Jogadores do Sporting têm base legal para rescindir por justa causa

Depois das agressões em Alcochete, o regime jurídico laboral desportivo e o próprio código de trabalho podem ser invocados pelos jogadores do Sporting para a resolução dos contratos por justa causa.

Os jogadores do Sporting podem rescindir o contrato de trabalho depois das agressões de que foram alvo na academia do Sporting? Os advogados contactados pelo ECO admitem essa possibilidade, com base no artigo 23º do “Regime jurídico do contrato de trabalho do praticante desportivo”, mas não só: também o artigo 394º do Código de Trabalho, que define as condições para a “justa causa da resolução”.

Para Mariana Caldeira Saravia, da SRS Advogados, o que estará em causa é precisamente o que decorre do artigo 394º, nº 2, alinea d) do Código de Trabalho, que determina a justa causa por “Falta culposa de condições de segurança e saúde no trabalho”. É o que resulta da invasão da Academia de Alcochete por cerca de 50 adeptos do Sporting, e que levou a agressões físicas a jogadores e ao próprio treinador Jorge Jesus, e que já terá dado até lugar à diversas detenções.
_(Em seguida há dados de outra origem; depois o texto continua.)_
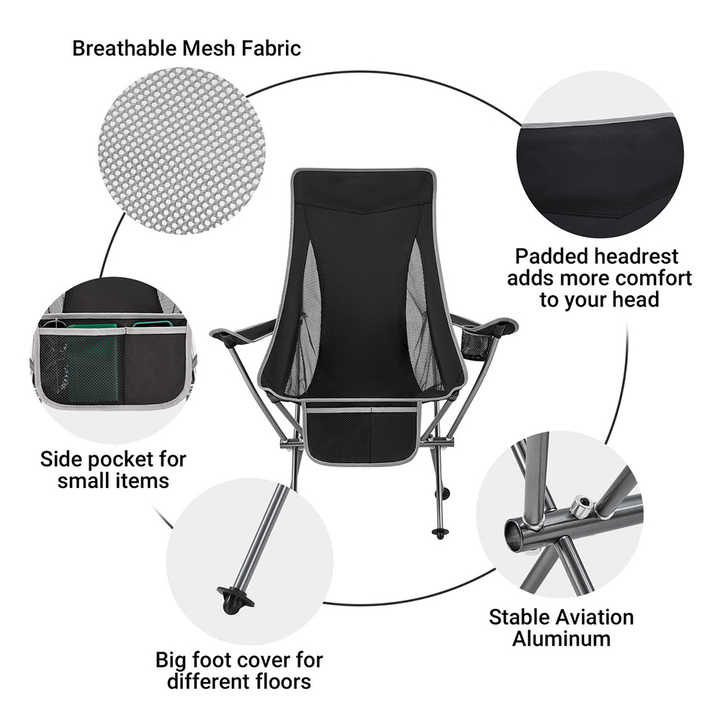 Lightweight, compact and lightweight 7075 armchair 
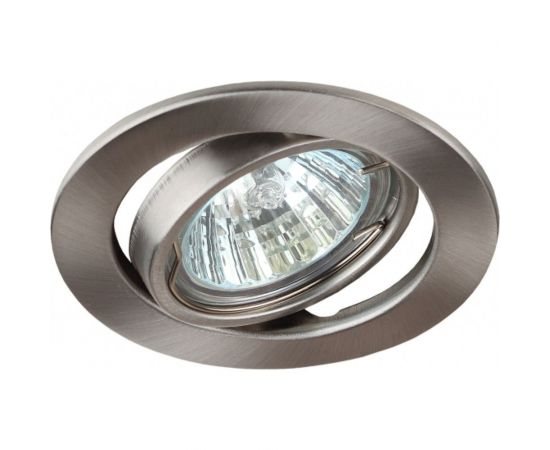 Штампованный поворотный светильник ЭРА ST2A SN MR16,12V/220V, 50W сатин никель C0043808 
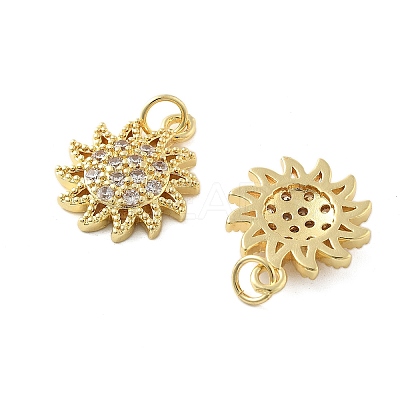 Brass Micro Pave Cubic Zirconia Pendants KK-C092-23A-G-1
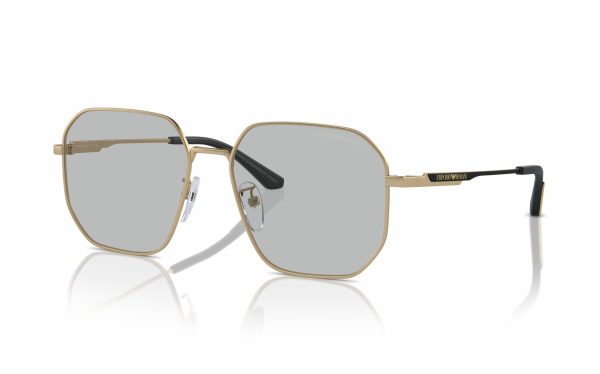 Emporio Armani Sunglasses EA 2154D 3002/87 Lens Size 57 Frame Shape Square Lens Color Gray for Men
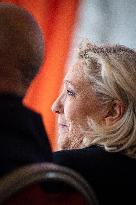 Rassemblement National New Year Wishes to the Press - Paris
Existe um regime jurídico específico para os contratos laborais desportivos, a lei 54/2017, e que dá a possibilidade de resolução por justa causa, no artigo 23º. No seu nº 3, refere-se o “incumprimento contratual grave e culposo que torne praticamente impossível a subsistência da relação laboral desportiva”. Depois de semanas de pressão pública, já este fim de semana, com a derrota na Madeira e a impossibilidade de acesso à Liga dos Campeões, a revolta dos adeptos obrigou a polícia a fazer uma rede de segurança para proteger os jogadores. Mesmo assim, alguns chegaram a entrar no estacionamento de Alvalade e ameaçarem a sua integridade física. Mas este regime laboral desportivo também diz outra coisa. Logo no seu artigo 3º, refere-se: “Às relações emergentes do contrato de trabalho desportivo aplicam-se, subsidiariamente, as regras aplicáveis ao contrato de trabalho que sejam compatíveis com a sua especificidade”.

É aqui precisamente que entra o Código de Trabalho. Mariana Caldeira Saravia sublinha a importância, para este caso, do seu artigo 394º, e o número e alínea que referem especificamente a segurança no trabalho.

Um outro advogado especialista em direito laboral, que pediu o anonimato, considera “que há razões suficientemente fortes, e públicas, que permitem invocar a negligência da entidade patronal na defesa dos jogadores“. “As agressões foram dentro das instalações laborais do clube, é certo que não foi o presidente da SAD a agredir os jogadores ou outros funcionários. Mesmo assim, os jogadores poderão invocar algum tipo de incentivo por ato ou omissão“, acrescenta o mesmo advogado. Além disso, refere, no último domingo, a própria polícia impôs um dispositivo de segurança para a chegada dos jogadores a Alvalade, o que torna possível dizer que existia um risco previsível de segurança que a entidade patronal deveria ter acautelado”.

Outro especialista nesta área, contudo, reconhece a dificuldade em fazer a prova da responsabilidade direta da entidade patronal, a SAD do Sporting. Mas reconhece que a segurança dos trabalhadores pode ser invocada para justificar precisamente o que diz o referido artigo do Código do Trabalho e que, de facto, “torne praticamente impossível a subsistência da relação laboral desportiva”.

O Sporting emitiu um comunicado minutos depois das agressões em que repudia o que sucedeu mas, na comunicação social, correm já informações sobre a intenção dos jogadores em rescindirem os contratos de trabalho. O presidente chegou a Alcochete por volta das 18h30 desta terça-feira, mas ainda não se conhecem os desenvolvimentos deste dia.